'Mother of all nature reserves' gets £92,000 80th birthday present

Dancersend nature reserve near Aylesbury. Picture: Pete Hughes

A wildlife haven which helped inspire a banker to start the UK's nature reserve movement will receive a special birthday gift to celebrate its 80th anniversary – a grant of more than £90,000.

The money will be used to improve Dancersend Reserve in Buckinghamshire, which was one of the first nature reserves in the UK. The 211-acre site, near Aylesbury, is where a young Charles Rothschild discovered his love of nature. He went on to help found the conservation society that eventually became The Wildlife Trusts.

Now, the Rothschild Foundation set up by Charles's family has given £92,000 to the Berks, Bucks and Oxon Wildlife Trust (BBOWT) to develop the site which it was gifted as a nature reserve 80 years ago.

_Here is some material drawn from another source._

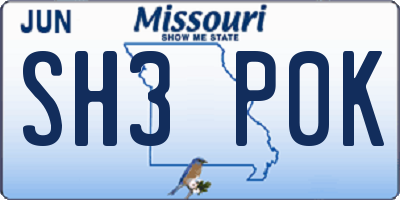 MO license plate SH3P0K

The donation will help create a mosaic of new habitats, a wildlife pond and display boards telling the little-known story of Dancersend. BBOWT, which part-owns and manages the reserve, is also planning a series of events to celebrate the anniversary and will work with neighbouring landowners to help protect and enhance the natural environment in the area for people to enjoy. The two-year program of works starts on July 1.

Silver-washed fritillary butterflies at BBOWT's Dancersend nature reserve near Aylesbury. Picture: Mick Jones

Silver-washed fritillary butterflies at BBOWT's Dancersend nature reserve near Aylesbury. Picture: Mick Jones

BBOWT CEO Estelle Bailey said:

"Dancersend is like the mother of all nature reserves – one of the foundation stones on which The Wildlife Trusts was built. This beautiful place inspired the man who became a pioneer in the UK's nature reserve movement, so it has an important place in history as well as in our hearts.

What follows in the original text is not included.